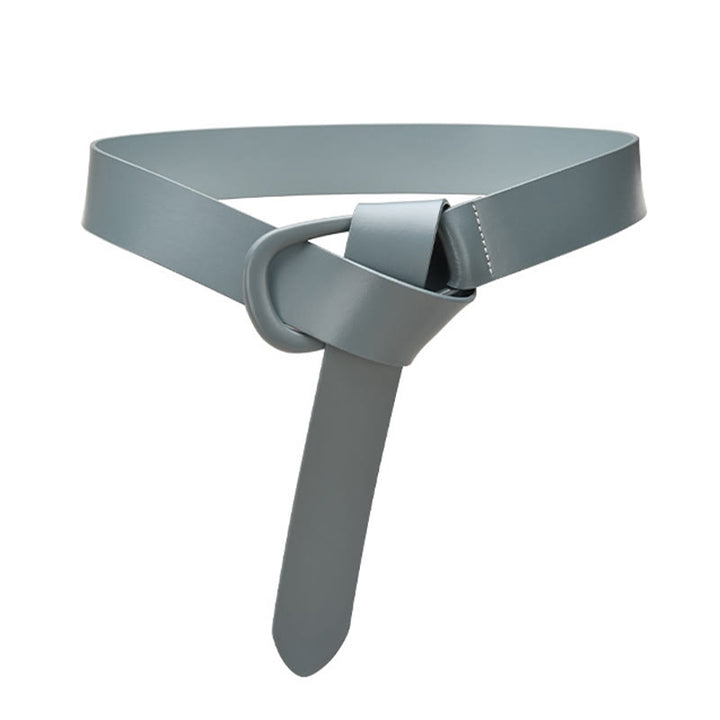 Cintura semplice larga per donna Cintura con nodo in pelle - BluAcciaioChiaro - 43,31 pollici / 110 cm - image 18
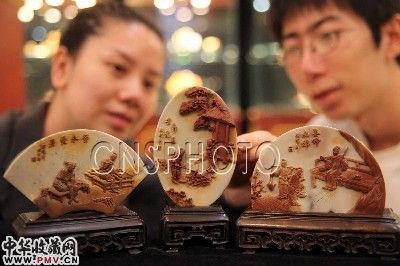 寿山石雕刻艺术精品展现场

---

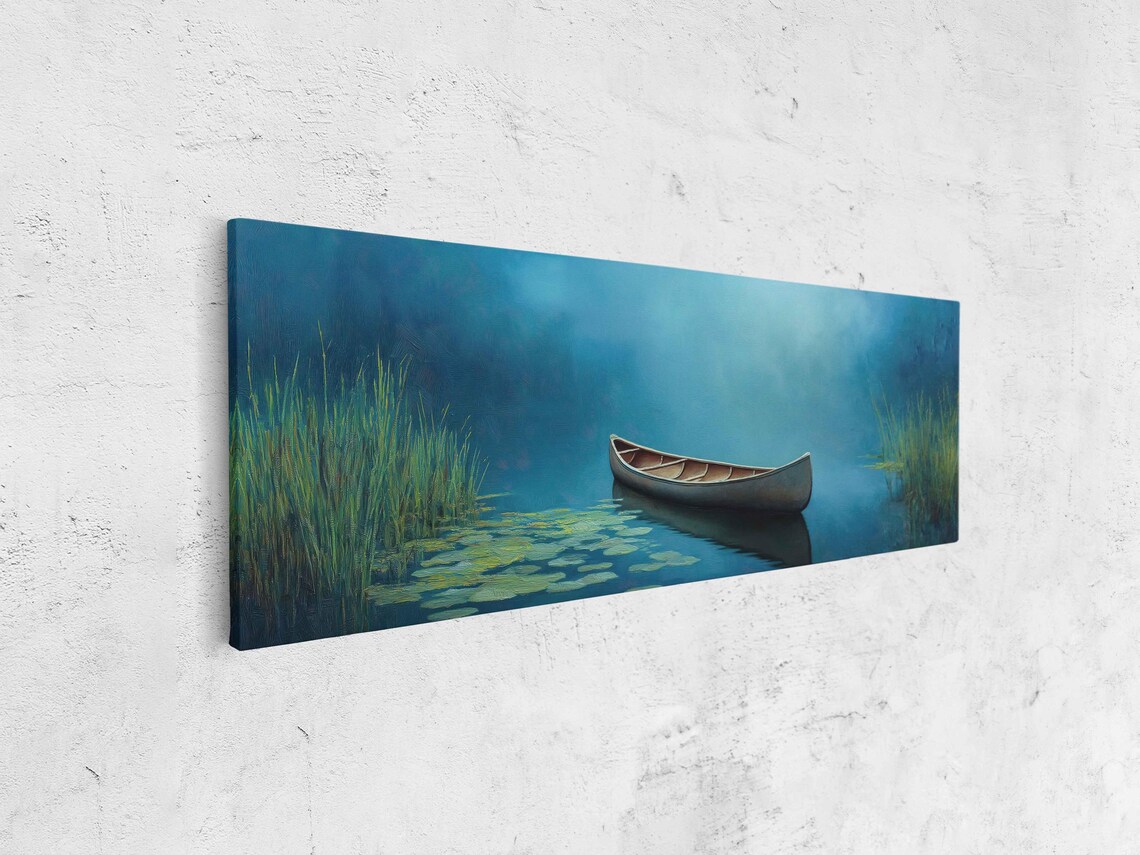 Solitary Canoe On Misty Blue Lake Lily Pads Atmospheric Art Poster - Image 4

...

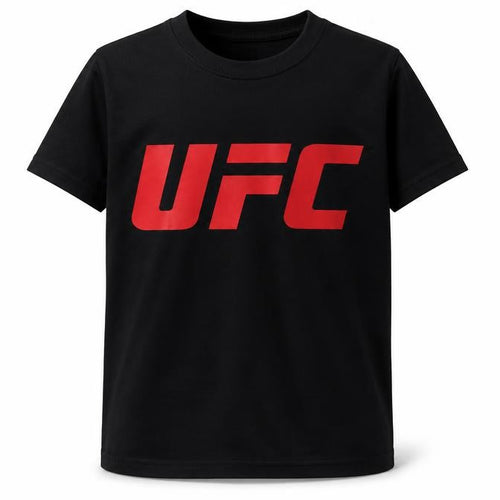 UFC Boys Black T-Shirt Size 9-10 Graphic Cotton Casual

**What is expected**
Repeat exactly the lines above, from the line that contains "Cintura semplice larga" down through the line that contains "寿山石雕刻艺术精品展现场". Include both of those lines and none of the pictures.

**Worked solution**
 Cintura semplice larga per donna Cintura con nodo in pelle - BluAcciaioChiaro - 43,31 pollici / 110 cm - image 18
 寿山石雕刻艺术精品展现场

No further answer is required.